Imagine for a second that your boss came up to you and said, “We’ve been compromised. Assume trust doesn’t exist. Now define our new security organization and architecture!” Unfortunately, it may take events like that to change our perceptions or actions when approaching securing our organizations.

Less is More?, by leosaumurejr

Depending on who you talk to, we already are living in a state of compromise. I prefer removing the element of trust form my strategy as much as I can, and focus on how I would secure a system, application, or network if I knew there were hostile elements in it. Changes your perspective a bit, doesn’t it? All of the sudden, those satellite locations start looking less like friends and more like foes.

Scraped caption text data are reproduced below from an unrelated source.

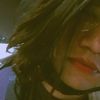 azaan.aly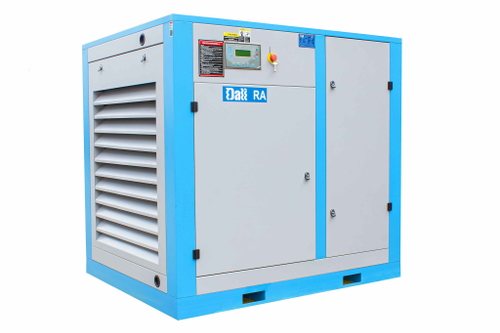 Винтовой компрессор Dali DL-3.7/13-RF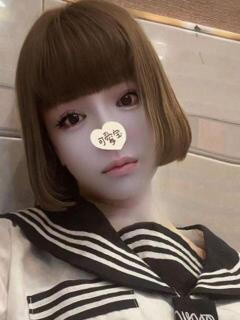 かなこ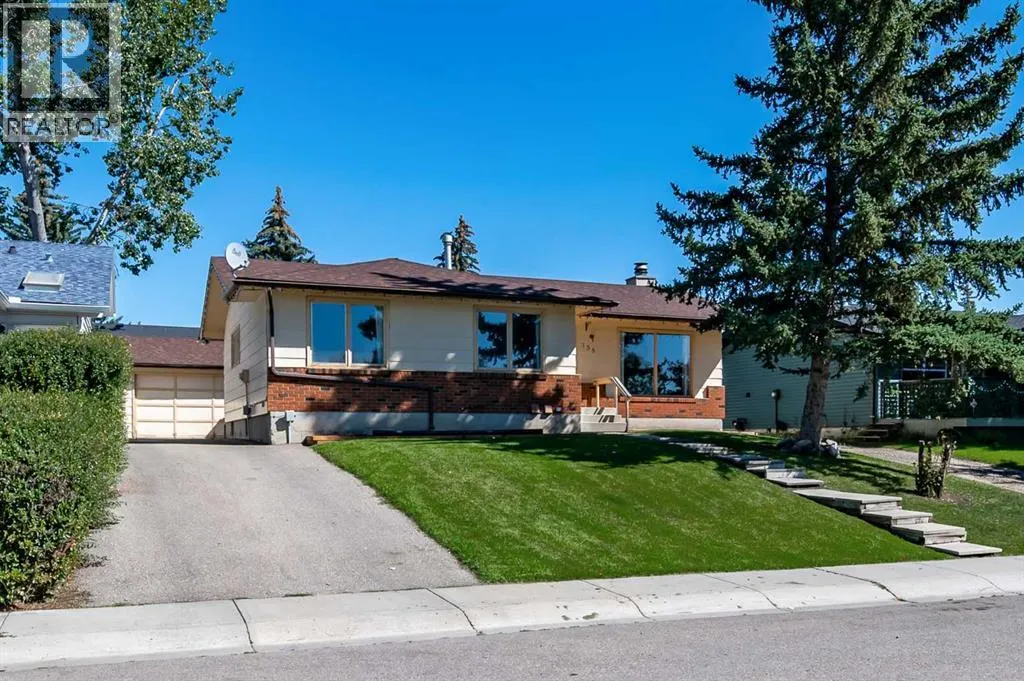 158 Hodson Crescent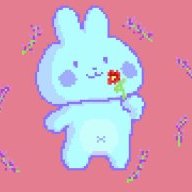 LilChubby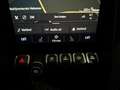 Volkswagen Amarok 3.0 TDI * Aventura * BTW / TVA * 360° CAM * Bleu - thumbnail 21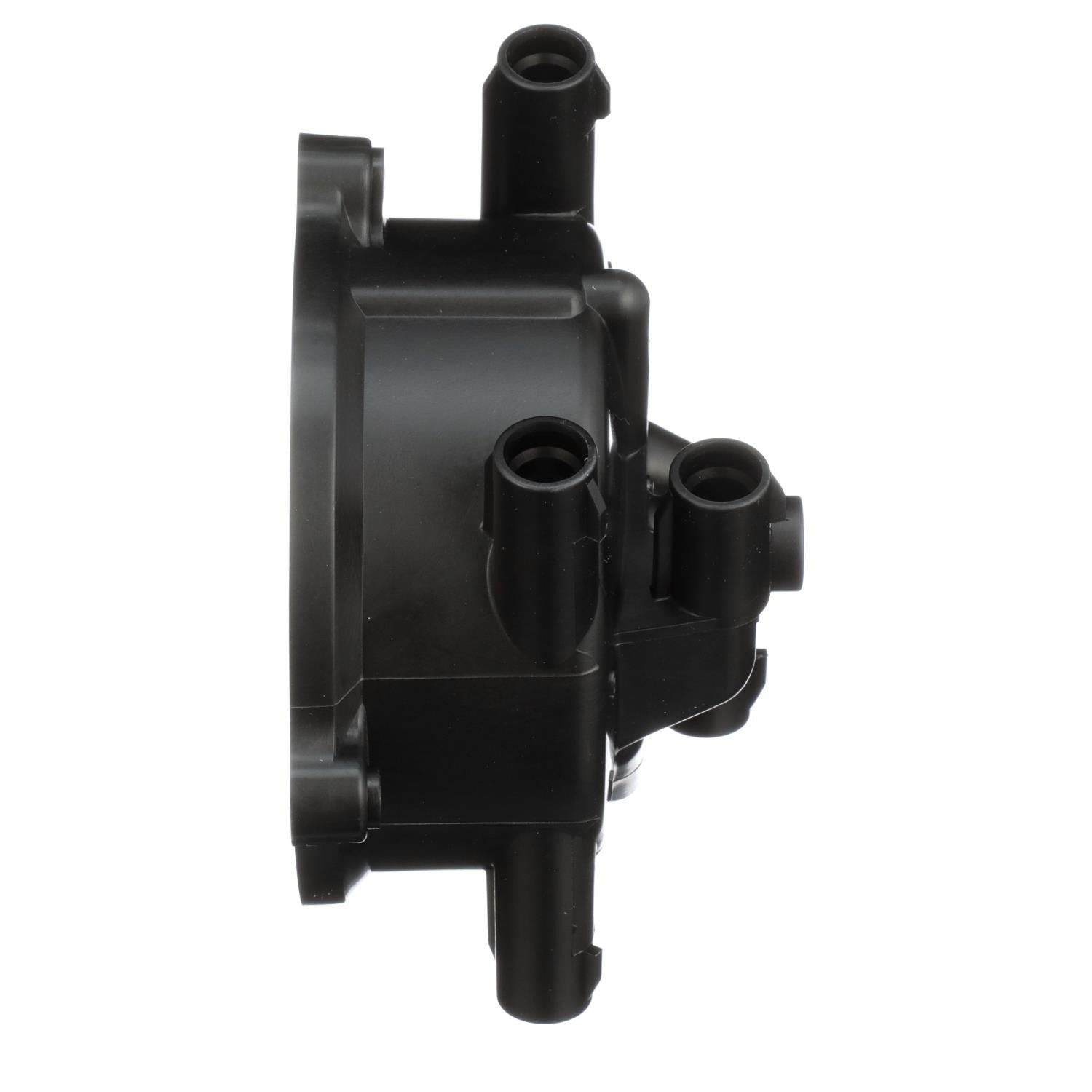 Intermotor Distributor Cap JH-208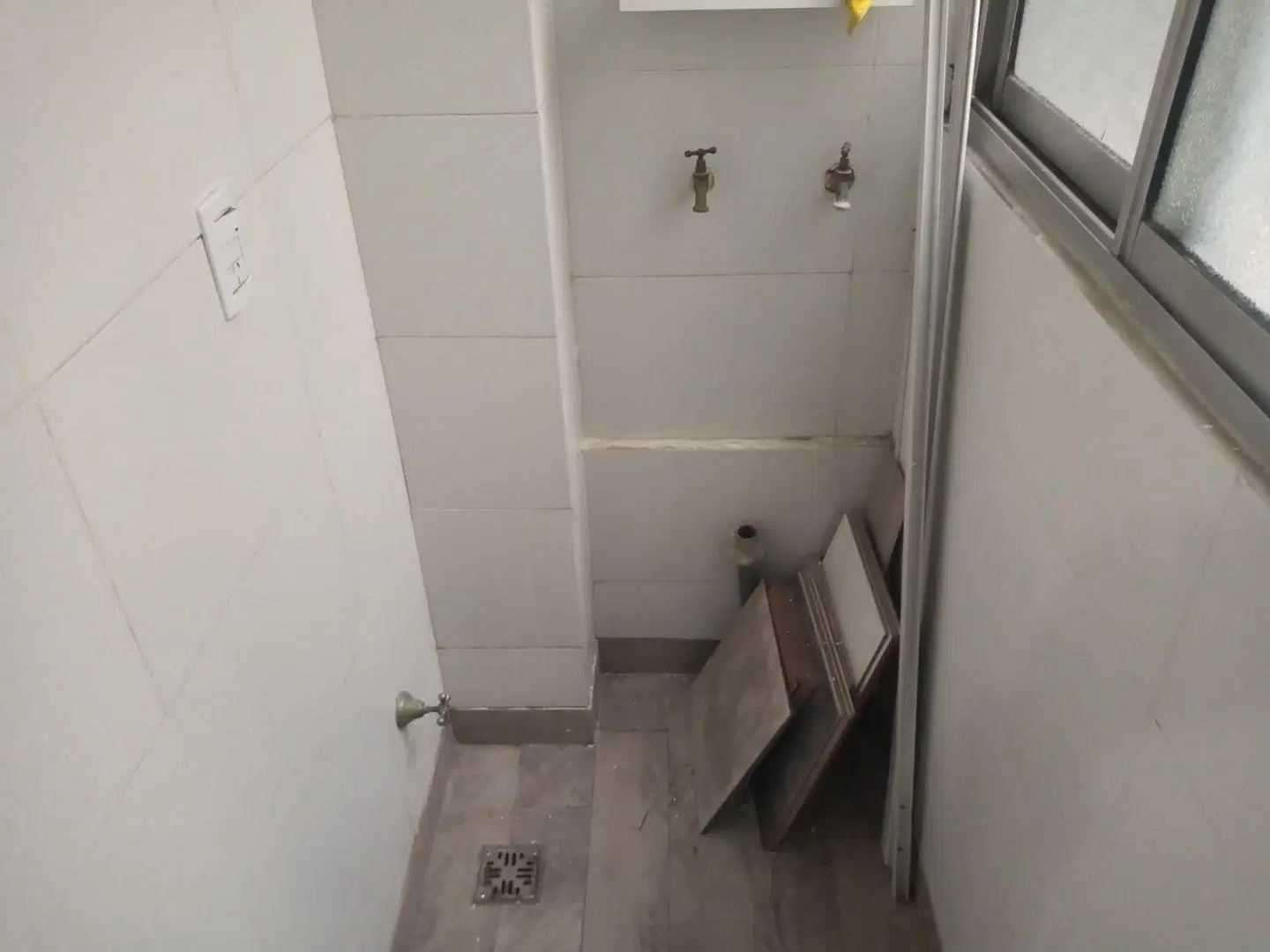 Departamento 3 ambientes. | Lafuente al 100 8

You have unrealistic expectations if you think you can keep attackers out of your networks. Networks today are too big and too porous, and attackers are too cunning and persistent. A state of constant compromise cannot mean constant loss as that would spell the end of the enterprise. So what does living in a state of compromise look like from a defense perspective?

As much as people hate to hear it, the strength of your foundation is critical. You must build core IT security concepts into your organization’s culture. Things like least privilege (we have too many admins), defense in depth (build many walls, don’t rely solely on any one), and taking an info-centric approach (centralize and protect the assets you value) are critical to keeping the high value stuff safe.

Speaking of that high value stuff, do you know where it lives? Do you know who accesses them and how the business uses them? Do you know how to lock them down in the event of a breach, and how to ensure they are still available to the business throughout that process? You must answer these questions if you intend to survive in a state of compromise.